M. Houdremont : « Ce sont des membres volontaires, bénévoles, attachés à la Maison de la
Formation, à l’ambiance, à l’esprit d’équipe (équipe « militante »). Deux chercheurs viennent
de l’école polytechnique fédérale de Lausanne (une personne est spécialisée sur la web sémantique,
l’autre est issue du secteur privé). Une personne appartient à VECAM et propose une réflexion sur
l’Internet citoyen et solidaire. Un autre membre a longtemps été formateur à la fédération des
maisons rurales et familiales, et est « fanatique » de l’usage du Blog et des aspects culturels liés
aux TIC. Et deux économistes (l’aspect économique étant au départ la faiblesse du plan).
Ce groupe est donc composé de personnes très diverses, avec des discours très variés. Un chercheur
par exemple s’est impliqué dans le projet en disant « en tant que chercheur, je suis dans ma bulle,
95% du travail ira à la poubelle, 5 % seront peut-être utilisés avec la population, je ne sais pas,
nous verrons ce que ça donne. Mais si je peux vous aider à prendre de la hauteur, à formaliser ce
que vous faîtes, à théoriser ce que vous faîtes, je participe... »
M. Houdremont précise en outre que le projet a évolué beaucoup plus vite que prévu. « Il y a
encore trois ans, je n’aurai pas pu intervenir comme aujourd’hui et présenter le projet. Nous avons
besoin du conseil scientifique pour nous poser, nous repositionner, et surtout ne pas perdre le
sens initial du projet - que le public reste au centre de nos préoccupations ».
Question de l’animateur : « Où se situe exactement la Maison de la formation ? A côté de quels
équipements ? »
M. Houdremont : « La Maison est située à Grigny (une ville de 8 000 habitants), dans un quartier
classé politique de la ville. Il s’agit de l’équipement structurant du quartier - qui lui a permis de
s’ouvrir (parfois des populations viennent d’assez loin). Il s’agissait d’un quartier très renfermé sur
lui-même, très isolé. La Maison de la formation a aidé au rayonnement du quartier, de Grigny,
de Givors, mais aussi de l’agglomération ».

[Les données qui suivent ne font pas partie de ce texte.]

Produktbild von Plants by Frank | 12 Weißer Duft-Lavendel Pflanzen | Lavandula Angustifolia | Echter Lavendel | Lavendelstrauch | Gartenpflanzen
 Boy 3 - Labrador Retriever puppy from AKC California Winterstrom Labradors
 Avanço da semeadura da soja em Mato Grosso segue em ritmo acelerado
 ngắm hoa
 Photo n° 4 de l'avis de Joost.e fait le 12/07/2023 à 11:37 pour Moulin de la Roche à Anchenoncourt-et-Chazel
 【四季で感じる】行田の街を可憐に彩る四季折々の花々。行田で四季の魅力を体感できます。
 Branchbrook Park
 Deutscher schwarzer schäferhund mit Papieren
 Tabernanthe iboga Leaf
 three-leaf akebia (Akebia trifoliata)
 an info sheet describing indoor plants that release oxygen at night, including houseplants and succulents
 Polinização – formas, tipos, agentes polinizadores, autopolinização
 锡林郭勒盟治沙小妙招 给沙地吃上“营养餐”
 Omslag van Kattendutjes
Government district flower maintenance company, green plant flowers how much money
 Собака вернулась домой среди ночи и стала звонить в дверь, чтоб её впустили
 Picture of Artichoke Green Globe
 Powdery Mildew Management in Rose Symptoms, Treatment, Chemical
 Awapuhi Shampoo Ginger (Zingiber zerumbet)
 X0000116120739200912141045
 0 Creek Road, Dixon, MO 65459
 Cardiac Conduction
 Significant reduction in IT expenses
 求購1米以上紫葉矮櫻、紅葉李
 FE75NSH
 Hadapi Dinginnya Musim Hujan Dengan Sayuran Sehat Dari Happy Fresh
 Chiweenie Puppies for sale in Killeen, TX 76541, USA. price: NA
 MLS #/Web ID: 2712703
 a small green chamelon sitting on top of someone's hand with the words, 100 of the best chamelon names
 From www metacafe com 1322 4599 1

Question de l’animateur : « De quels financements disposez-vous ? »
M. Houdremont : « C’est un très bel équipement, financé à 76% par le FEDER et par le Conseil
régional. L’équipement a été récompensé par une Marianne d’or. Du point de vue architectural,
c’est aussi assez beau à voir. En terme de budget de fonctionnement, la communauté de
communes assure la base - le socle du financement (notamment les quatre salaires). Peu de
budget de fonctionnement car la Maison utilise les logiciels libres. Et le complément de budget
vient de la recherche de subventions (la Maison a notamment été retenue il y a quelques années
dans le cadre de l’appel à projets sur les usages de l’internet porté par le Ministère de la
Recherche). Quelques inquiétudes relatives au financement perdurent, mais ces incertitudes sont
propres en général à ce type de structure ».